11.2. Model Structure

Understanding the Attention Mechanism in Deep Learning - Part 2

11.3. Introduction

This is a paper published by Nanjing University at ICASSP 2021, which captures two types of attention: channel attention and spatial attention. The ShuffleAttention proposed in this paper mainly consists of three steps:

1. First, the input features are divided into groups, and then the features of each group are split into two branches to calculate channel attention and spatial attention, respectively. Both types of attention use trainable parameters (when I looked at the structure diagram, I thought it used FC here, but after reading the source code, I found that a set of learnable parameters is created for each channel) + sigmoid method for calculation.

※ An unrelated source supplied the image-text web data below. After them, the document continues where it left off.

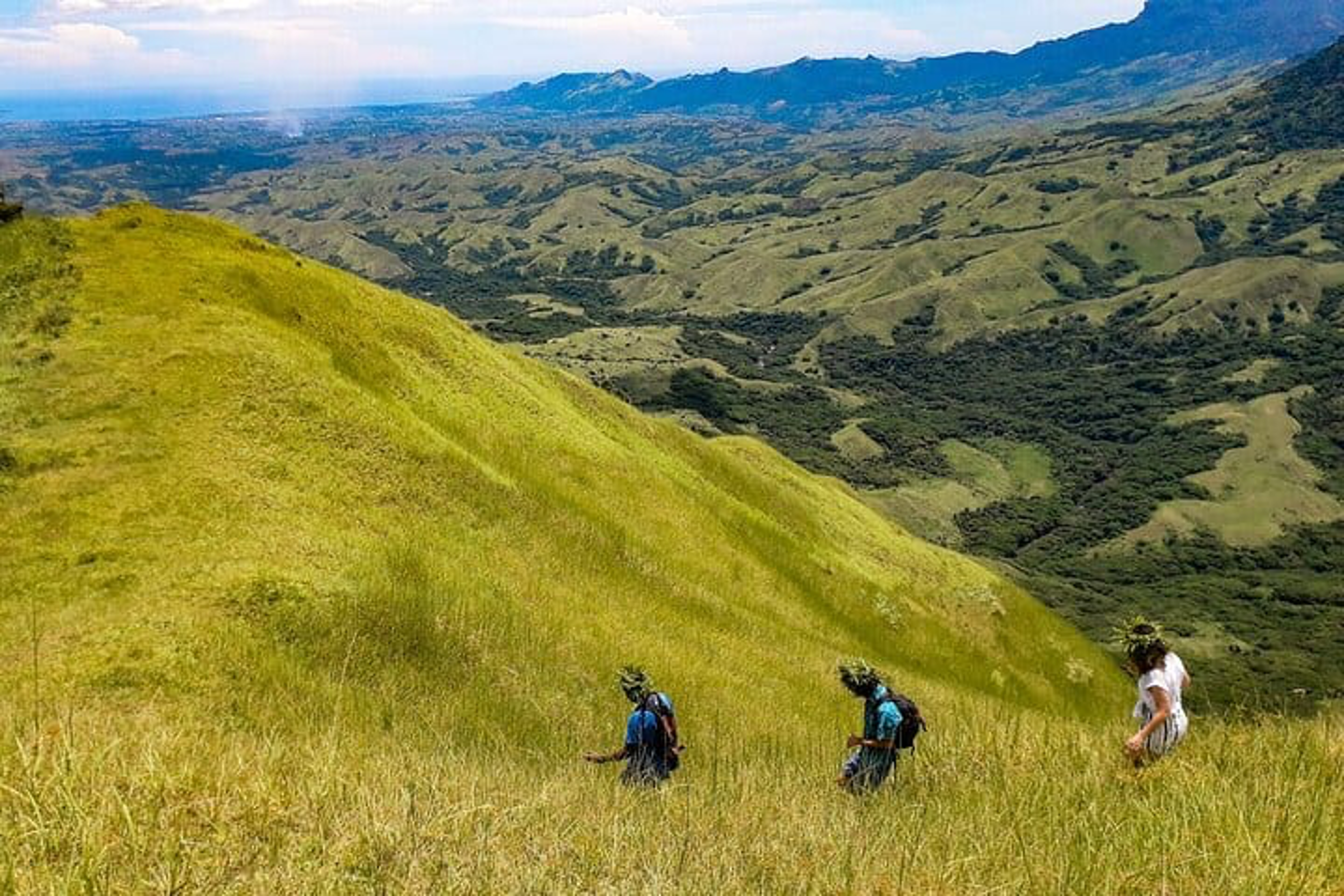 hike 11.png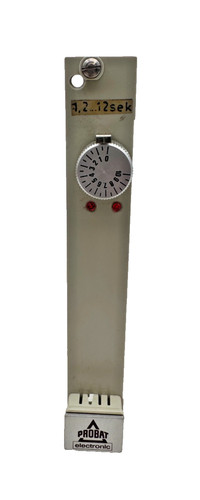 Probat electronic 2517 08 - electronic, 21/2517.08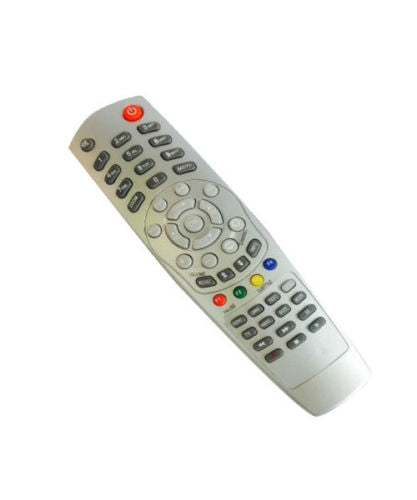 Starx Remote Control Maxx 1000 / Axa / Protek / Starex Remote Control – PlutoDirect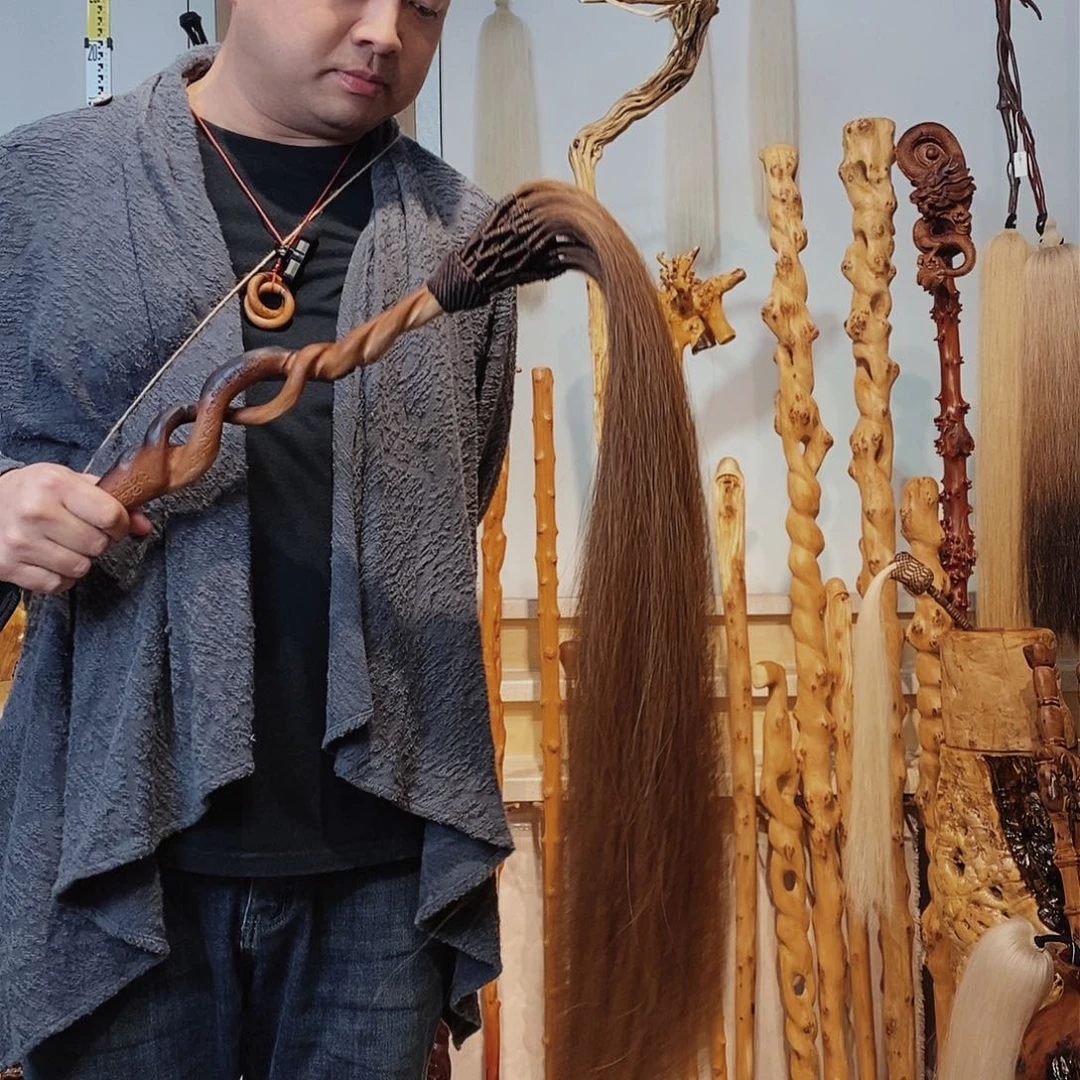 杂色豆（科檀/科特迪瓦檀木）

2. Next, the results of the two branches are concatenated together, and merged to obtain a feature map that is consistent with the input size.

3. Finally, a shuffle layer is used for channel shuffle (similar to ShuffleNet[2]).

The authors conducted experiments on the classification dataset ImageNet-1K and the object detection dataset MS COCO, as well as instance segmentation tasks, showing that the performance of SA surpasses the current SOTA methods, achieving higher accuracy with lower model complexity.

11.4. Core Code

class ShuffleAttention(nn.Module):

    def __init__(self, channel=512,reduction=16,G=8):
        super().__init__()
        self.G=G
        self.channel=channel
        self.avg_pool = nn.AdaptiveAvgPool2d(1)
        self.gn = nn.GroupNorm(channel // (2 * G), channel // (2 * G))
        self.cweight = Parameter(torch.zeros(1, channel // (2 * G), 1, 1))
        self.cbias = Parameter(torch.ones(1, channel // (2 * G), 1, 1))
        self.sweight = Parameter(torch.zeros(1, channel // (2 * G), 1, 1))
        self.sbias = Parameter(torch.ones(1, channel // (2 * G), 1, 1))
        self.sigmoid=nn.Sigmoid()


    @staticmethod
    def channel_shuffle(x, groups):
        b, c, h, w = x.shape
        x = x.reshape(b, groups, -1, h, w)
        x = x.permute(0, 2, 1, 3, 4)

        # flatten
        x = x.reshape(b, -1, h, w)

        return x

    def forward(self, x):
        b, c, h, w = x.size()
        #group into subfeatures
        x=x.view(b*self.G,-1,h,w) #bs*G,c//G,h,w

        #channel_split
        x_0,x_1=x.chunk(2,dim=1) #bs*G,c//(2*G),h,w

        #channel attention
        x_channel=self.avg_pool(x_0) #bs*G,c//(2*G),1,1
        x_channel=self.cweight*x_channel+self.cweight #bs*G,c//(2*G),1,1
        x_channel=x_0*self.sigmoid(x_channel)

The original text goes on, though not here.